I admittedly don't remember many specific details of the actual narration so I won't comment regarding that.

By chance, have you read Conrad's book?I have not, but I fully intend to one day. I'd also like to see Nicholas Ray's adaptation of the same book, Wind Across the Everglades to see how it stacks up against Coppola's. (As much as I admire Coppola, particularly The Conversation, I don't think it's a put-down to say that Ray is the better filmmaker.)

The reason why I think the film endorses Kurtz's point of view is that the narration, which largely consists of exposition about Kurtz, tracing his journey into the Heart of Darkness, portrays him as an exceptional military officer who was capable of coming up with operations and pulling them off without official permission, "winning the war his way," much to the chagrin of the generals watching the war from behind their desks. (This presumably accounts for his near psychic ability to predict when Chef plans to call in an air strike.) And the fact of his being charged with murder and the military sending Willard into kill him is not only indicative of the Insanity of War, but the narration ultimately vindicates Kurtz's decision to execute those people (Willard reports on the soundtrack, "Enemy activity in Kurtz's sector dropped off to zero. He must have hit the right four people").

It's true that when Kurtz asks him about his methods, Willards says that there doesn't seem to be any method at all (just the Insanity of War), but he also says in the voice-over that he "felt like he knew a thing or two about Kurtz that wasn't in the dossier," suggesting at least some sort of grudging admiration. Maybe the reason the film seems to go to hell in the final stretch is that Coppola didn't have a clear idea of Kurtz as a character.

Duncan
10-21-2010, 05:57 PM
And, as others have said, the film is not pro-Kurtz. It is desperately anti-Kurtz. Kurtz is a character, obviously, and a pretty good one as played by Brando, but he also represents the American justifications, tactics, and, yes, even motivations for being in Vietnam, stripped of all polite, propagandistic white-washing, and taken to their limits of extremity. The American position ends in slaughter and heads on pikes. I mean, I feel like to say what I'm about to say is to go into, like, maybe grade 9 levels of Coles Notes-sophistication, but anyway... So there's this guy, Willard, and he's going down a river, into a kind of heart of darkness, if you will, and the further he goes down the river, the madder the world gets.
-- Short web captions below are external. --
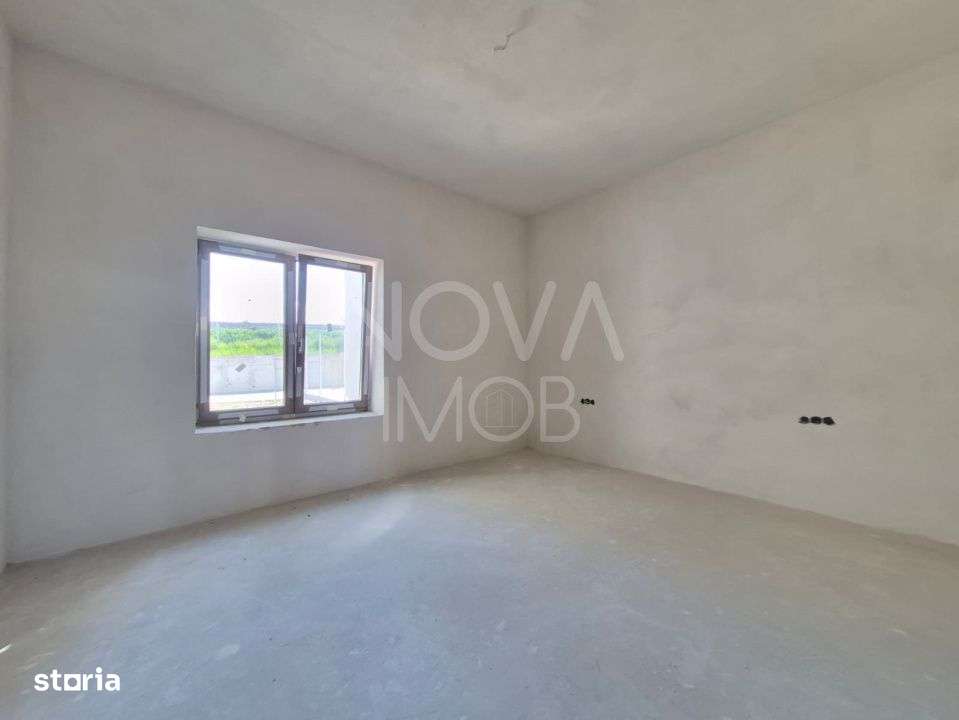 Casa generoasa cu 5 camere, 2 bai, dressing si parcare – Sura Mica-11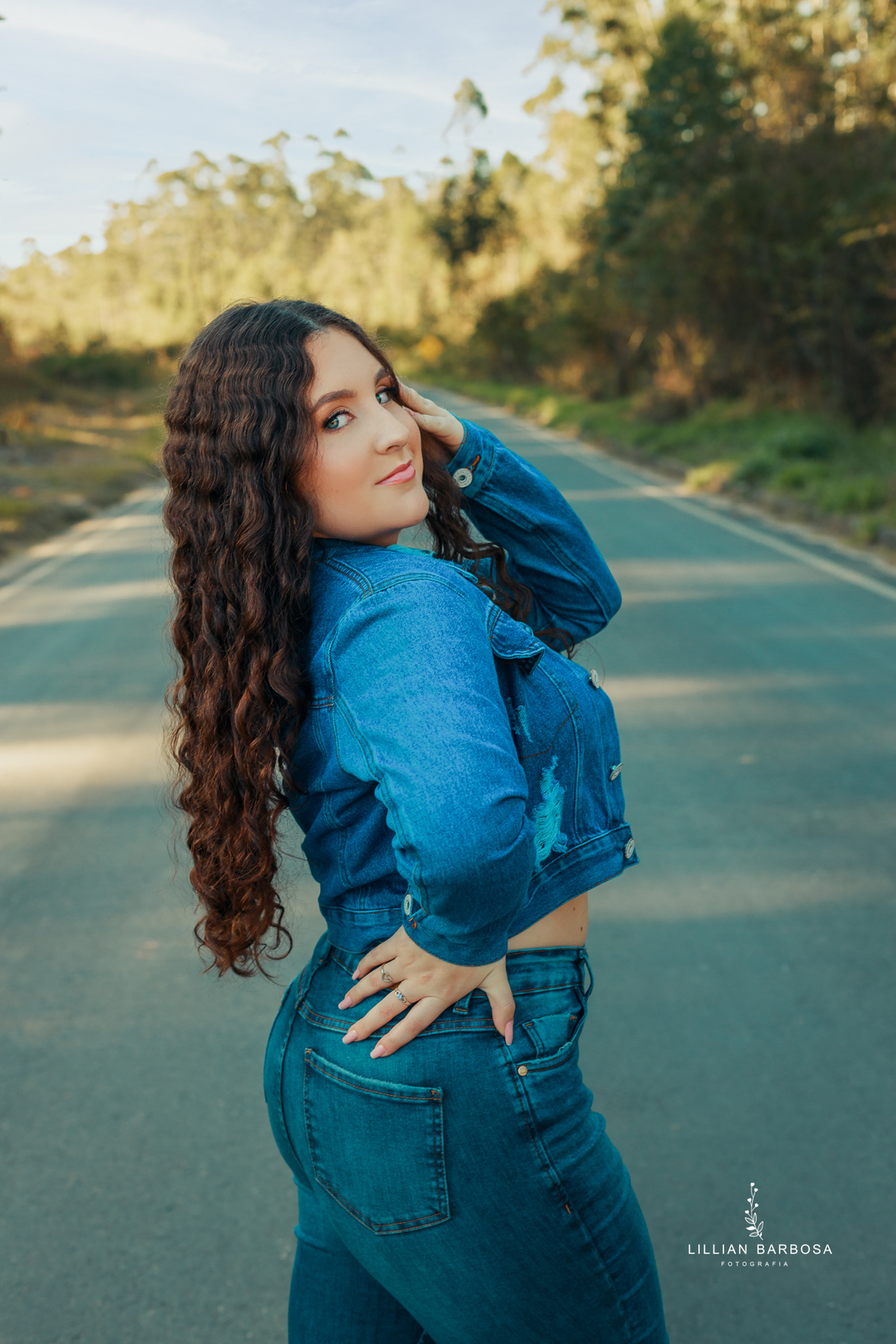 Ensaio-15-anos-ensaio-com-flores-por-do-sol-fotgrafa-de-lauro-muller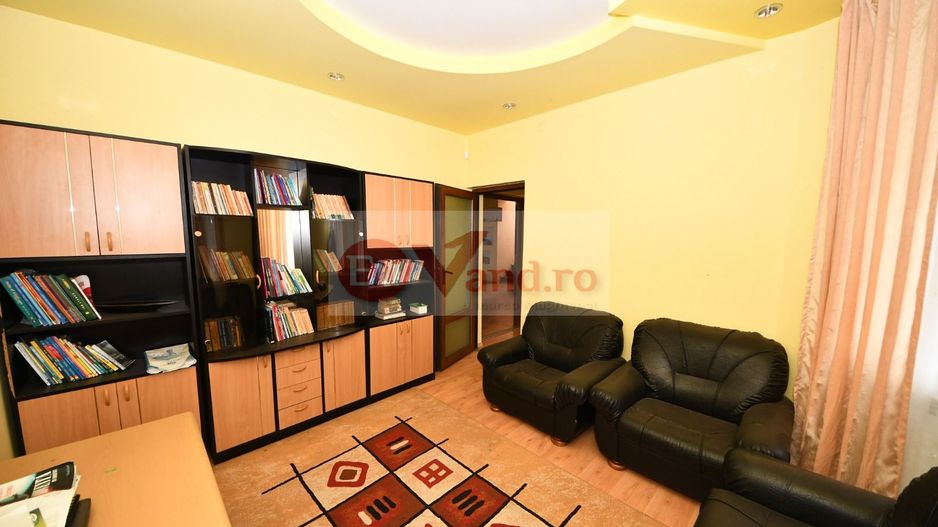 Vila spatioasa, pretabil pentru locuit/clinica, zona Micro 17 – Galati - Poză 14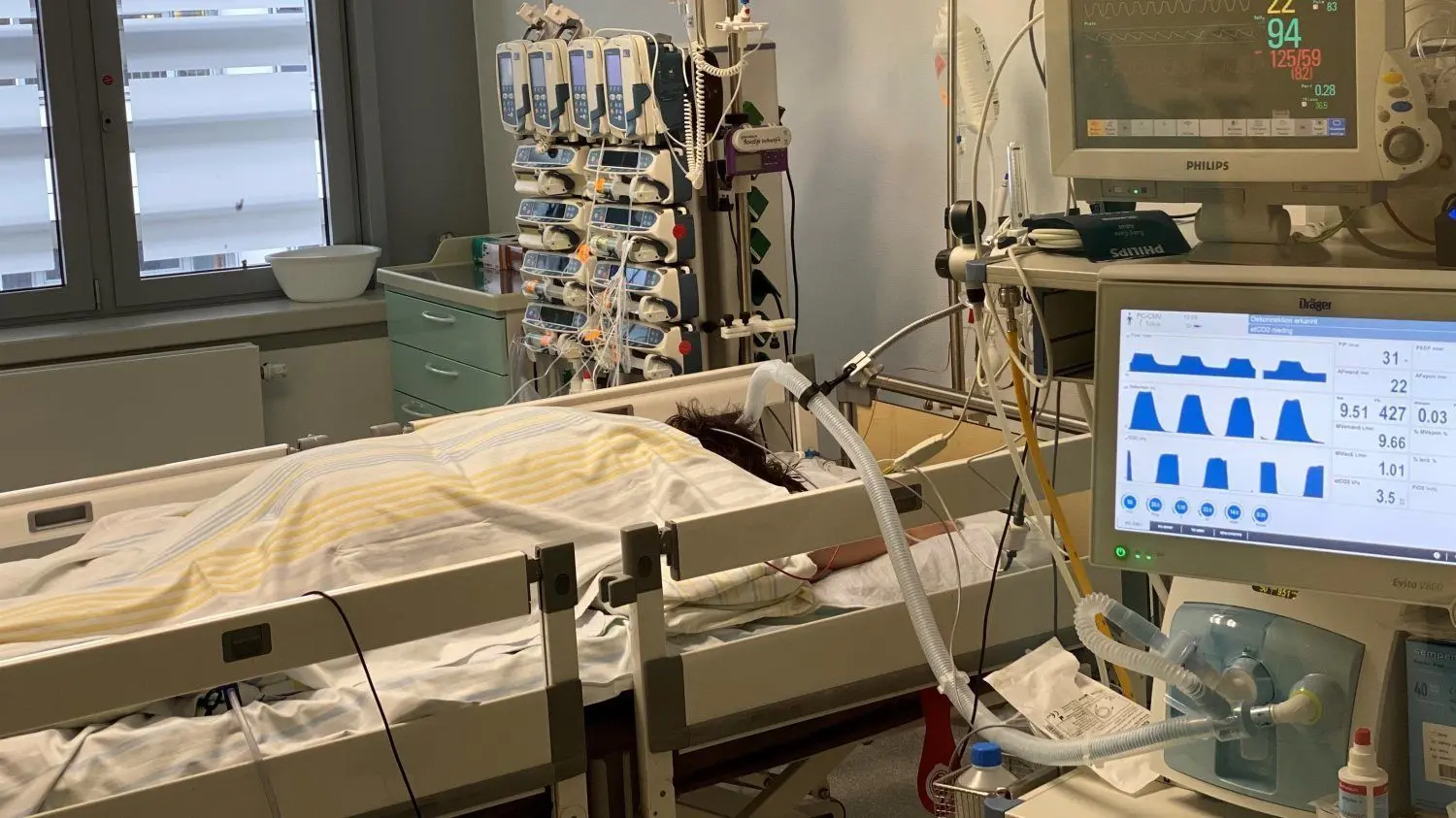 Ein Patient wird auf der Intensivstation des Carl-Thiem-Klinikums in Cottbus beatmet. Auch Heinz Richter wurde hier behandelt, konnte das Krankenhaus aber noch vor seinem 98. Geburtstag verlassen.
Along the way he meets guys like Duvall who play Ride of the Valkyries, an earnest gesture by the character, but satire of war films in general with their rousing scores. The guy is a sociopath, and portrayed consistently as such. Further down the river still, Willard's boat mates begin to succumb to madness, and, yes, the film does have some sympathy for them, their youth and lives having been wasted on a brutal and absurd war that was a mistake from the beginning. They never should have been there. The whole time you've got these USO shows and rank and file trying to keep a semblance of order layered over the war, but, ultimately, this is untenable, because the universal principle of war is horror, chaos, massacre...basically what Kurtz says. The film, then, is not saying that Vietnam could have been won if the Americans were more callous, but that Vietnam, as a war, sprung from the darkest, most violent places within men. It is deeply critical of the war.

edit: plus what D7 said about it being analogous to European colonial tendencies.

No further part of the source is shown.